> [Description of the task] The reply should hold only the lines below beginning at the one with "Jake Peralta x" and ending at the one with "Rojo Usado 2023", copied exactly, with every picture left out.

> [Provided data]

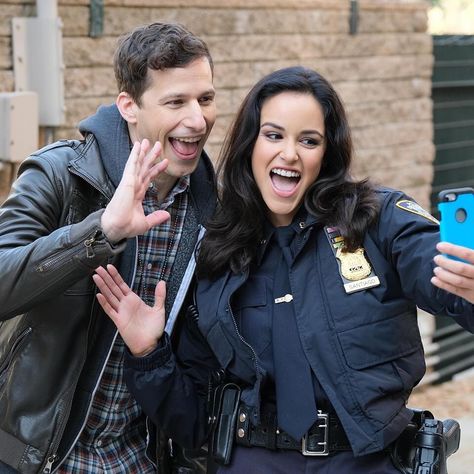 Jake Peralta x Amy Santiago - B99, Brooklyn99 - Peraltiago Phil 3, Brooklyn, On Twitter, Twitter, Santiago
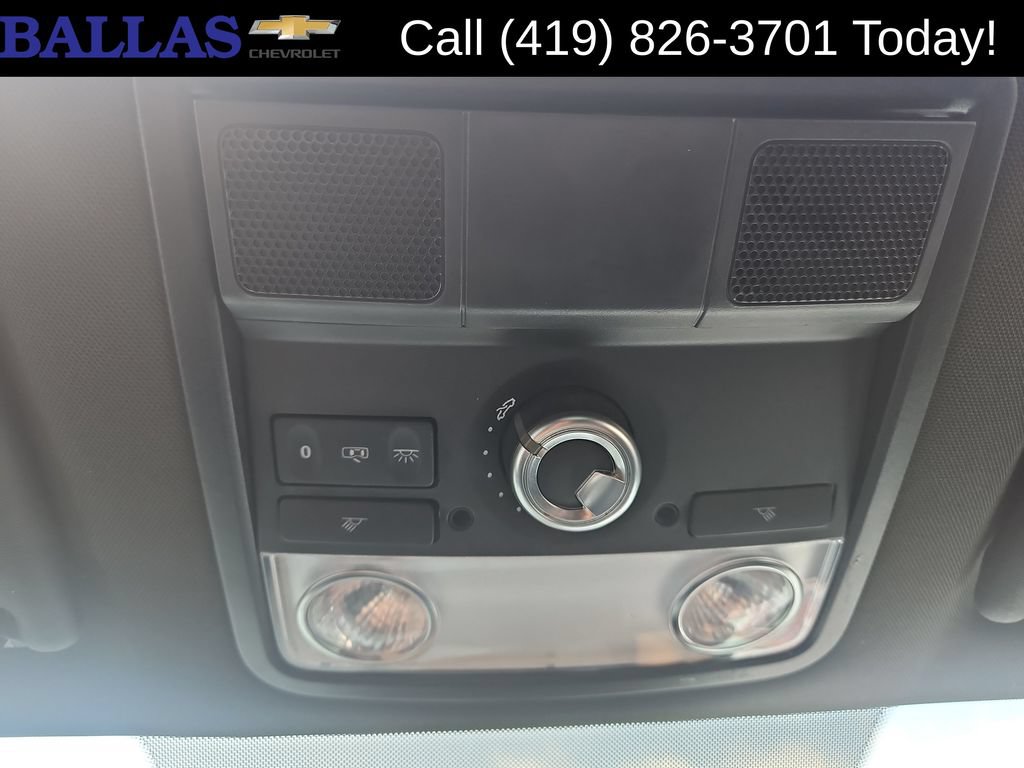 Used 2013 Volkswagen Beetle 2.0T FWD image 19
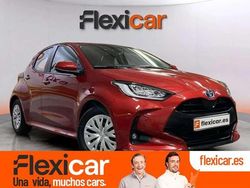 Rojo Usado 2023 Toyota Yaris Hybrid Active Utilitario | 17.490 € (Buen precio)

* * *

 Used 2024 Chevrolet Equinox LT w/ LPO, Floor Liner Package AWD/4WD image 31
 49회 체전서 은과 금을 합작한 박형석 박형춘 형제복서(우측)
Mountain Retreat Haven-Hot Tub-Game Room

* * *

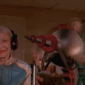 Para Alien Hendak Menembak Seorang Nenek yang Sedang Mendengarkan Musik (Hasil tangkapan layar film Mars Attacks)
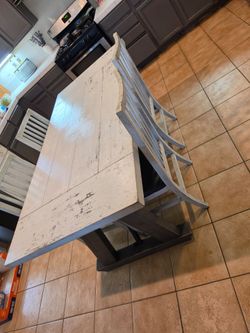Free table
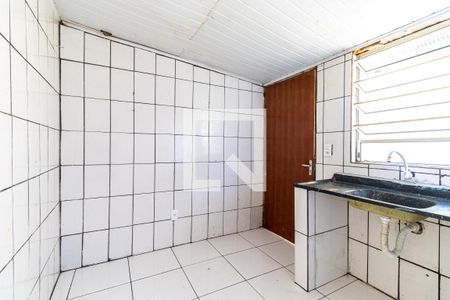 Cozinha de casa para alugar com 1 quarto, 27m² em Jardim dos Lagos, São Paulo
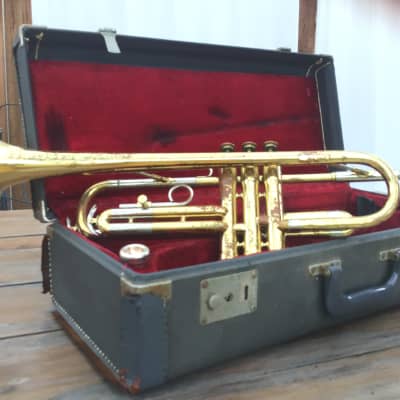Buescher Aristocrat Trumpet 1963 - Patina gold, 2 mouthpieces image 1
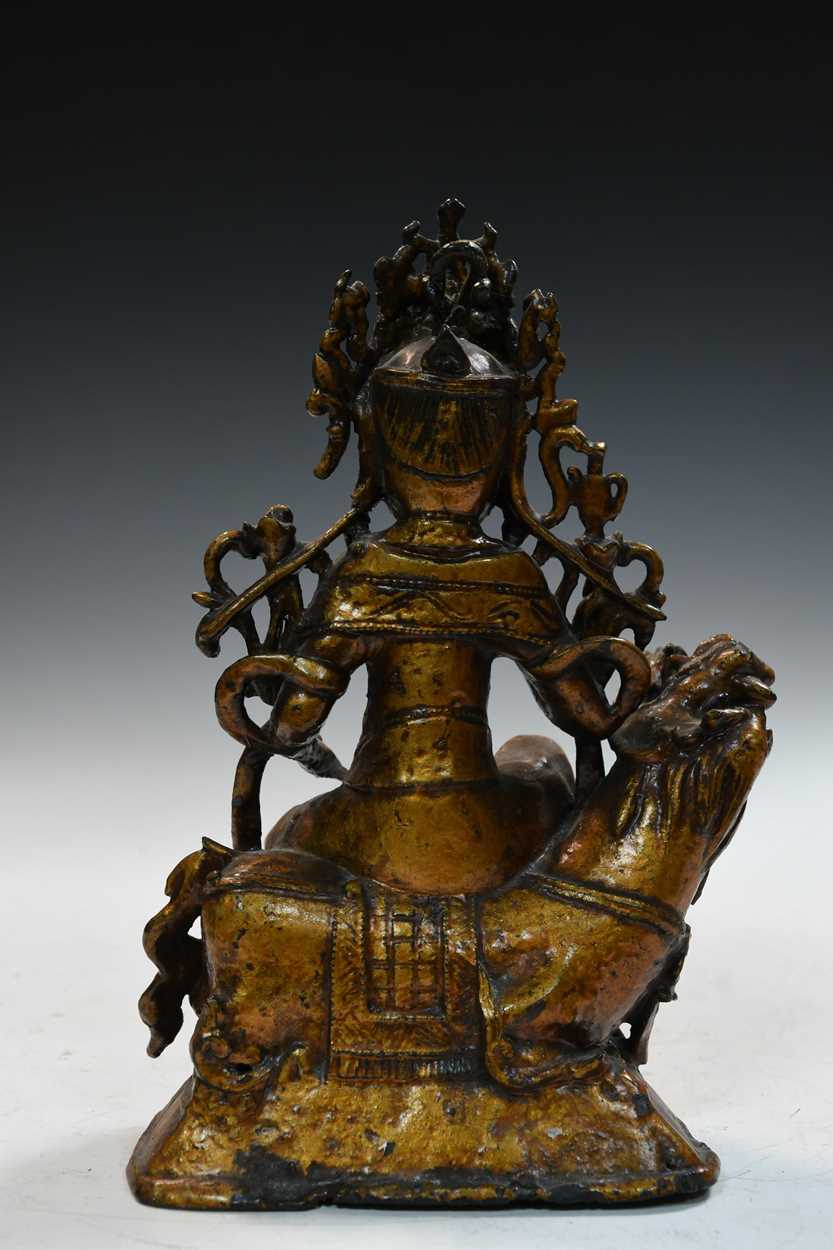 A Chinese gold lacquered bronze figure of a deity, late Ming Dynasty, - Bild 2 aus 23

> [Problem solution]
 Jake Peralta x Amy Santiago - B99, Brooklyn99 - Peraltiago Phil 3, Brooklyn, On Twitter, Twitter, Santiago
 Used 2013 Volkswagen Beetle 2.0T FWD image 19
 Rojo Usado 2023 Toyota Yaris Hybrid Active Utilitario | 17.490 € (Buen precio)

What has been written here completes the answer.